Posté en tant qu’invité par Ro:
Nous avons marché dans vos traces, là haut, près des sommets. Elles ne se sont pas effacées malgré les années : elles mènent toujours vers cette brèche suspendue puis vers ce pic que les hommes nomment Aiguille Dibona.
Nous avons entendu, porté par le vent, l’écho de vos éclats de rire et ceux de compagnons de cordée. Il résonne encore au pied des grandes parois de granit.
Nous avons senti le fumet de la soupe que vous aviez partagée dans ce petit refuge du Soreiller. Quelle soirée mémorable ce fut ! Vous souvenez-vous ?
Nous avons touché le même rocher froid et rugueux, empoigné les mêmes prises saillantes. Nous avons douté parfois, comme vous. Nous avons hésité, cherché le meilleur passage avant d’atteindre enfin ce point irréel où toutes les arêtes se rejoignent.
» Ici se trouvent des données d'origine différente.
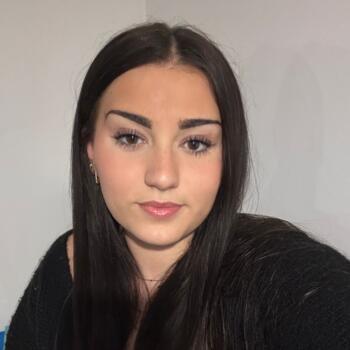 Babysitter in Bordeaux: Lison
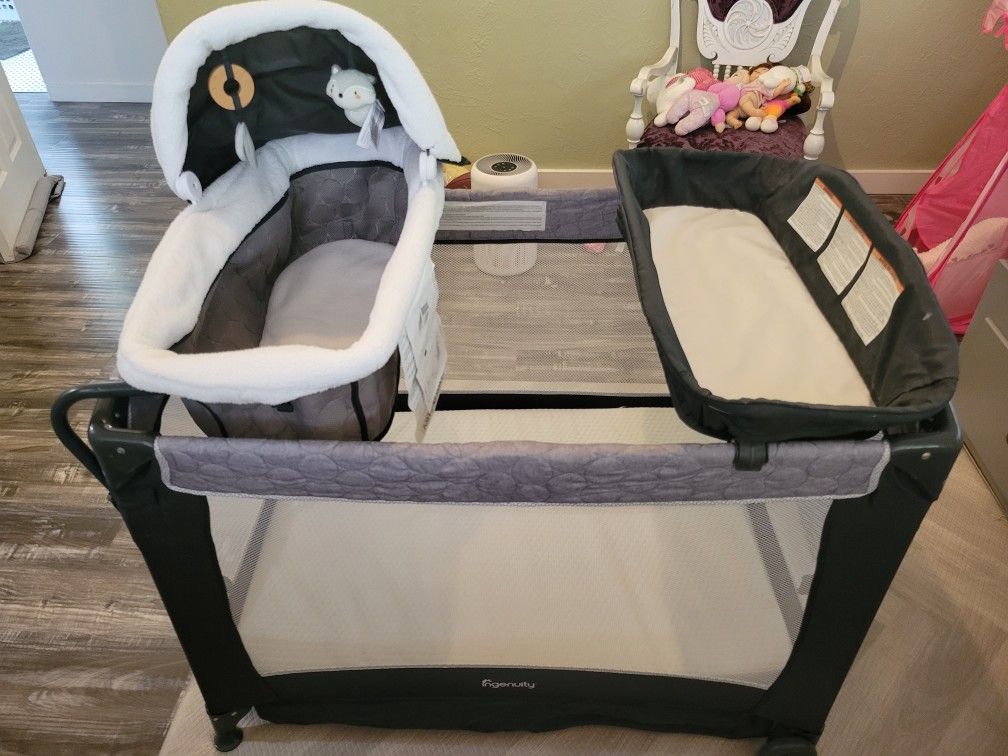 Pack N Play With Bassinet, Changing Table, And Matress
Et, comme vous, dans le soleil du matin, nous avons ressenti cet immense bonheur d’être là avec l’autre.
Vous savez, là-haut, rien n’a changé.
Ce sont toujours les mêmes étoiles qui guident nos pas, juste avant l’aube.
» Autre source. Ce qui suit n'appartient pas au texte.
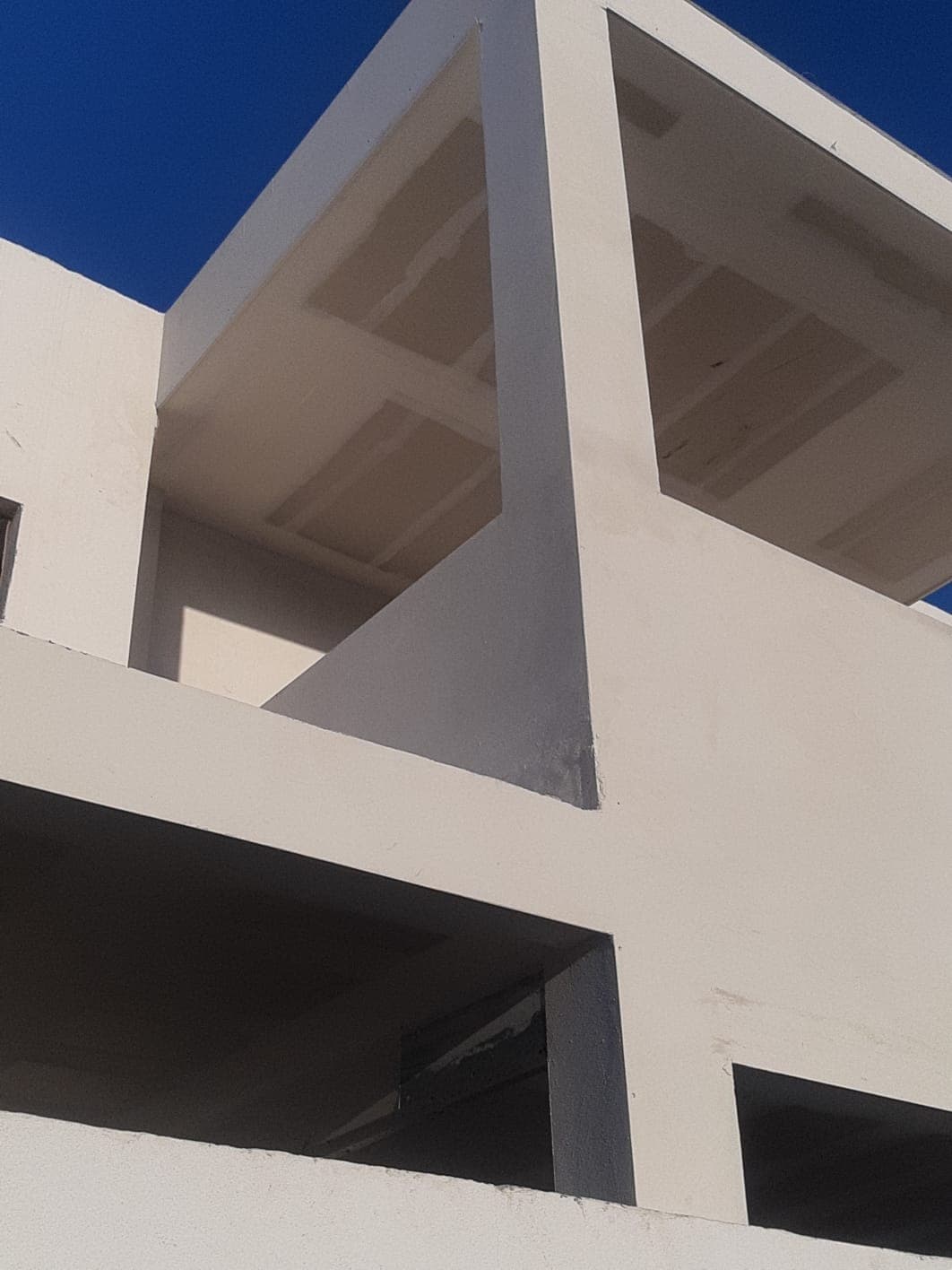Detalle del volado y marcos de concreto ya aplanados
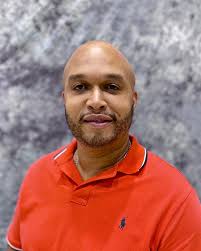 Donovan Hemmings's Instagram, Twitter & Facebook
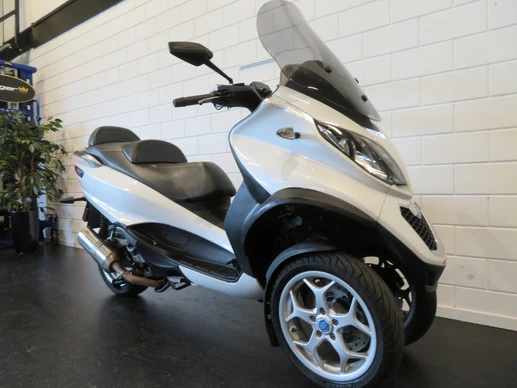 Piaggio MP3 - Afbeelding 8 van 14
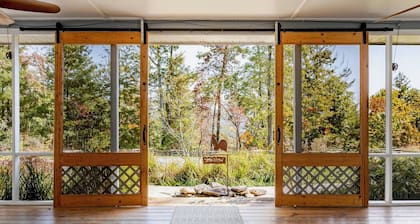 Luxury Pisgah Forest Farmhouse, Blue Ridge Views & Hot Tub near Brevard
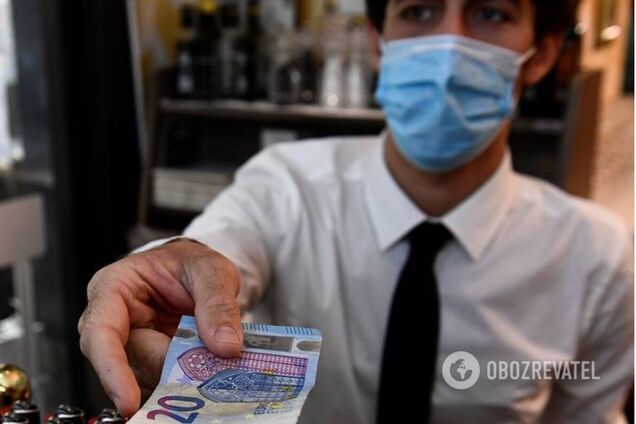 Лимит на расчеты наличными ужесточили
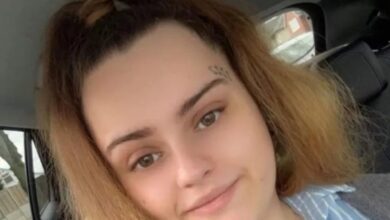 فتاة عشرينية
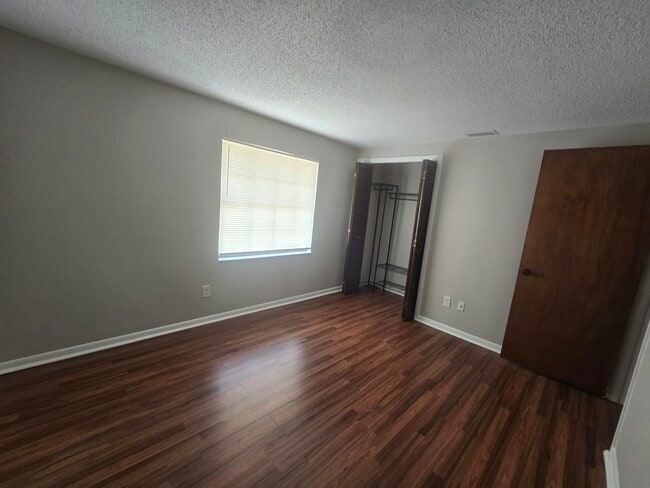 Building Photo - 4901 Dewey Rose Ct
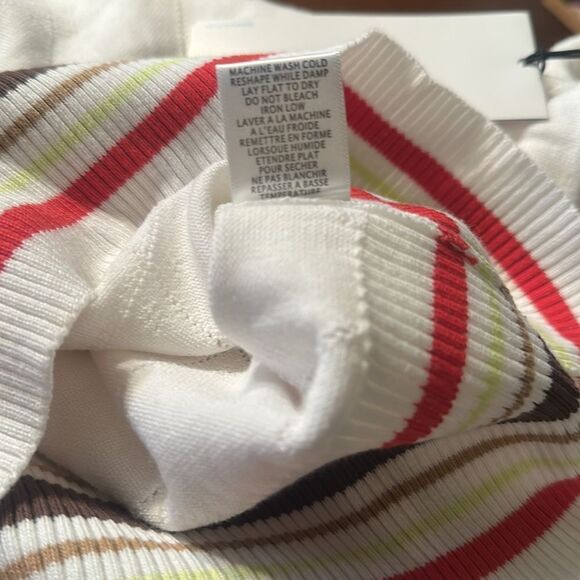 LIJA sweater S (1700) NWT - Picture 10 of 10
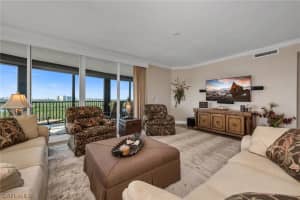 425 Cove Tower Drive, Naples, FL 34110 Sold 02/07/25
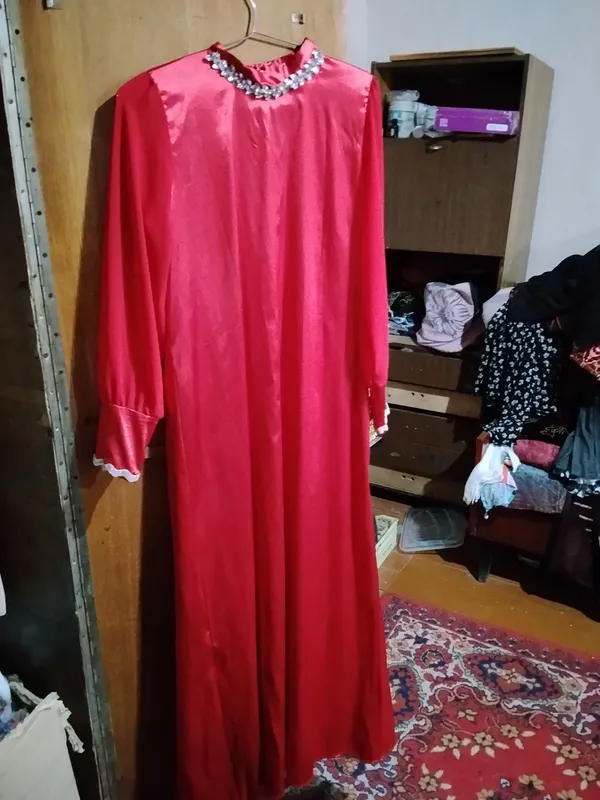 vecherni kuylak razmeri 48-50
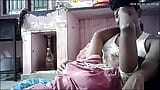 Une femme au foyer indienne joue avec ses gros nichons snapshot 11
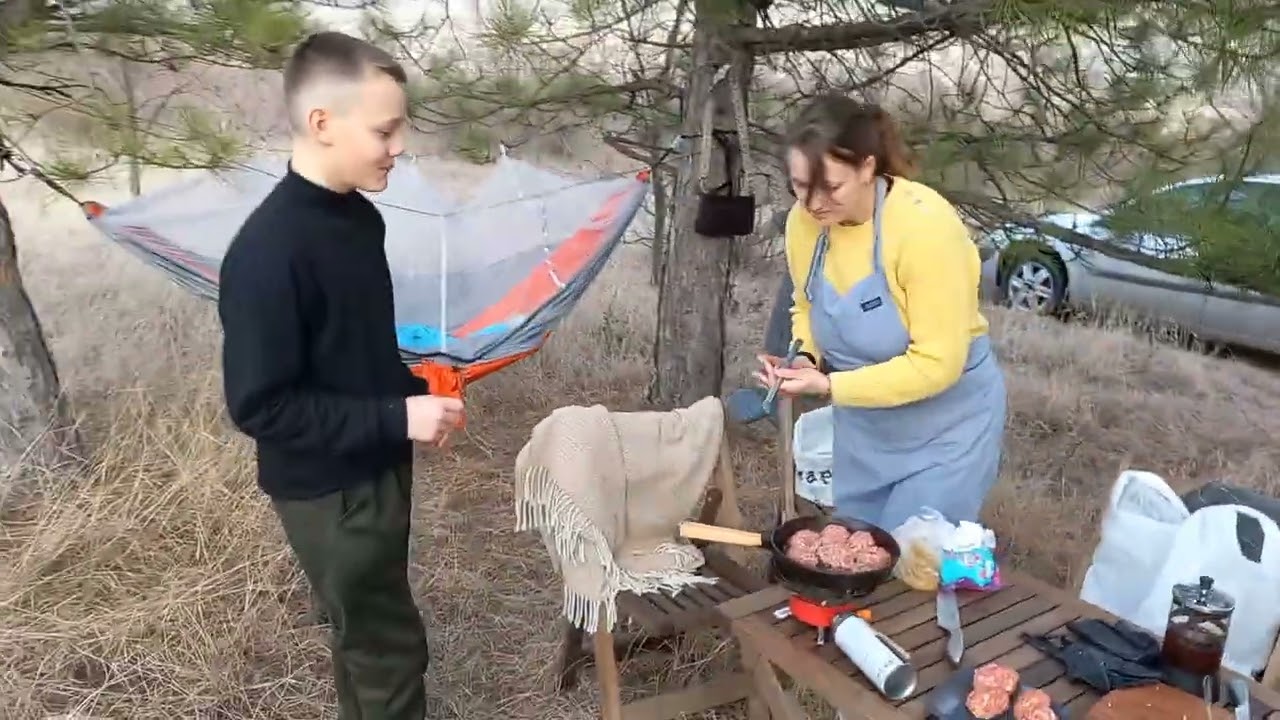 Тёплый февральский выходной и котлеты с сыром.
Toujours le même froid qui nous mord à la sortie du refuge.
Le même silence qui baigne les moraines oubliées de l’Oisans.
C’est toujours la même amitié qui nous lie à celui qui tient notre vie entre ses mains.
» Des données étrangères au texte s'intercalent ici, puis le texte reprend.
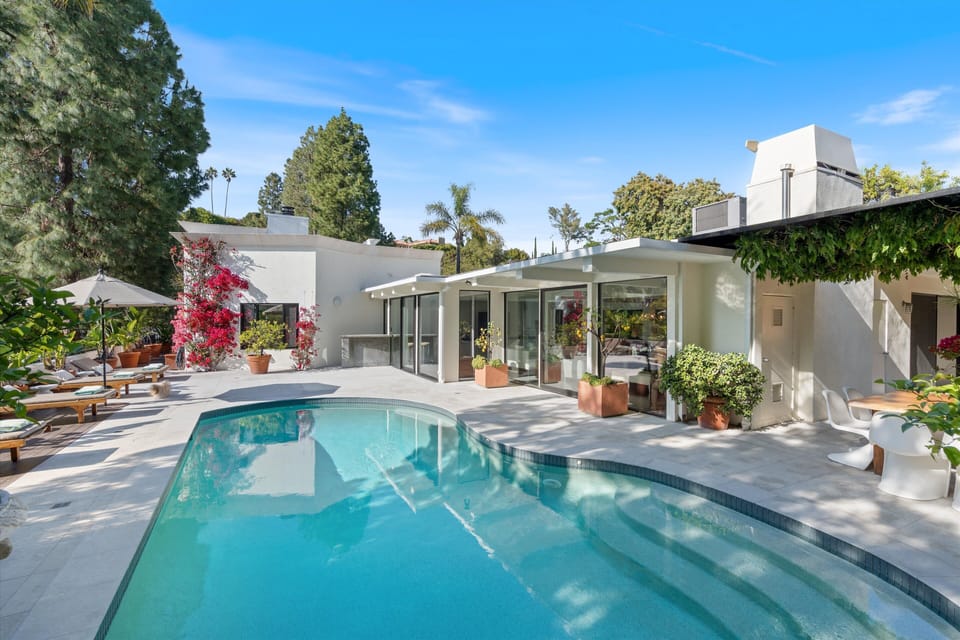 Salt Water pool with Swim jets !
Toujours le même émerveillement lorsque le soleil renaît enfin sous le sommet.
La même émotion lorsque notre regard embrasse mille horizons.
Il y a toujours un livre d’or dans le refuge où des inconnus scellent leurs joies, toujours des vires inaccessibles où s’amusent les jeunes chamois.
Toujours ces plaisirs incomparables que beaucoup ne connaîtront jamais : celui du parfum des pins, celui de l’eau fraîche d’une source, celui du partage d’un morceau de tomme.
Ce que nous avons laissé là-haut est inscrit à jamais dans le roc millénaire comme ce que nous y avons gagné est gravé dans nos cœurs.